By Scandinavian and U.S. standards, even illegally inflated German beer prices were relatively low because of Germany’s low sin taxes on alcohol. (Alcohol is not considered the spark in the societal powder keg in Germany. Beer, especially, is thought to have some redeeming qualities of bringing people together socially, and possibly some of the nutritional aspects of bread.) The cartel’s agreements would have raised the price of a 20-bottle case of beer by 1 euro in 2008, Spiegel.de explained.

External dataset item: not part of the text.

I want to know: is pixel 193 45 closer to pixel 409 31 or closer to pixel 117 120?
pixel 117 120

Investigations are still ongoing against two more corporate brewers and four regional (i.e. smaller) brewers, who have not yet been named for that reason.

(BOOSS geld   gay gen   BROW ah WRY en.)

“Bin eine alte Kommode, die viele Schubladen hat”

“I’m an old cabinet that has a lot of drawers,” said actor Hildegard Krekel, known for playing the Sally Struthers daughter character in Germany’s excellent version of the Johnny Speight “All in the Family” family of television series, called “One heart and one soul” (Ein Herz und eine Seele). She was also the dubbing voice for Bette Davis and Helen Mirren, according to her obituary; Hildegard Krekel died of cancer on 26 May 2013.

Episode 4 of “Ein Herz und eine Seele,” under the Hitler-like Archie Bunker patriarch known as Disgusting Alfred, is about a funeral and was the reason a friend once explained to me that, in certain regions of Germany, the funerals are more fun than the weddings.

(Bin   eye n   oltah   come MODE ah   dare   FEEL ah   SHOE blod en   hot.)

Antrum vastissimum incogniti recessus

“Immense cave, unexplored depths.” Laconic note on a map of Westphalia from 1645 marking the site now known as the Balver Höhle. This karst cave was occupied during the stone age. Now it has been dynamited bigger and is used for multiday concerts and festivals with audiences of thousands of people. Rivers of beer. Schützenfests still take place there every year, and apparently they’ve added a celtic music festival. There used to be a big annual jazz festival there, with Dutchmen wearing lavender and light blue playing great slide guitar and mumbling fake English, interspersed with heartfelt “SHICK AH GO!”s.